PXE reset with “factory_reset” BIOS clean step¶
When using the UEFI boot mode with non-default PXE interface, the factory
reset can cause the PXE interface to be reset to default, which doesn’t allow
the server to PXE boot for any further operations. This can cause a
clean_failed state on the node or deploy_failed if you attempt to
deploy a node after this step. For now, the only solution is for the operator
to manually restore the PXE settings of the server for it to PXE boot again,
properly.
The problem is caused by the fact that with the UEFI boot mode, the
idrac uses BIOS settings to manage PXE configuration. This is not the case
with the BIOS boot mode where the PXE configuration is handled as a
configuration job on the integrated NIC itself, independently of the BIOS
settings.
Timeout when powering off¶
Some servers might be slow when soft powering off and time out. The default retry count
is 6, resulting in 30 seconds timeout (the default retry interval set by
post_deploy_get_power_state_retry_interval is 5 seconds).

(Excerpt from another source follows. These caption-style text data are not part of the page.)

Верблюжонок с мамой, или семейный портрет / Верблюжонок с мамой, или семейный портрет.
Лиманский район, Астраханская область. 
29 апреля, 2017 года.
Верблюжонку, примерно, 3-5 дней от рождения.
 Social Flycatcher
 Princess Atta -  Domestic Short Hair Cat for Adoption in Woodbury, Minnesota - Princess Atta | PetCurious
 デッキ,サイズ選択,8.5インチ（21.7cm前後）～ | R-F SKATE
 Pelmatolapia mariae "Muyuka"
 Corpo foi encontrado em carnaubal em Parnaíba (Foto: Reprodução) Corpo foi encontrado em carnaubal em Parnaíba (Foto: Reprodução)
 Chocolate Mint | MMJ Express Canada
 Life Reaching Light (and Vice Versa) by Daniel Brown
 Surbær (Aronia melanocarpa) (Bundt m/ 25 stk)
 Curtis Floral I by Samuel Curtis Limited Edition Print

To resolve this issue, increase the timeout to 90 seconds by setting the retry count to
18 as follows:
[agent]
post_deploy_get_power_state_retries = 18
Firmware update from Swift fails before 6.00.00.00¶
With iDRAC firmware prior to 6.00.00.00 and when using Swift to stage firmware
update files in Management interface firmware_update clean step of
redfish or idrac hardware type, the cleaning fails with error
“An internal error occurred. Unable to complete the specified operation.” in
iDRAC job. This is fixed in iDRAC firmware 6.00.00.00. If cannot upgrade, then
use HTTP service to stage firmware files for iDRAC.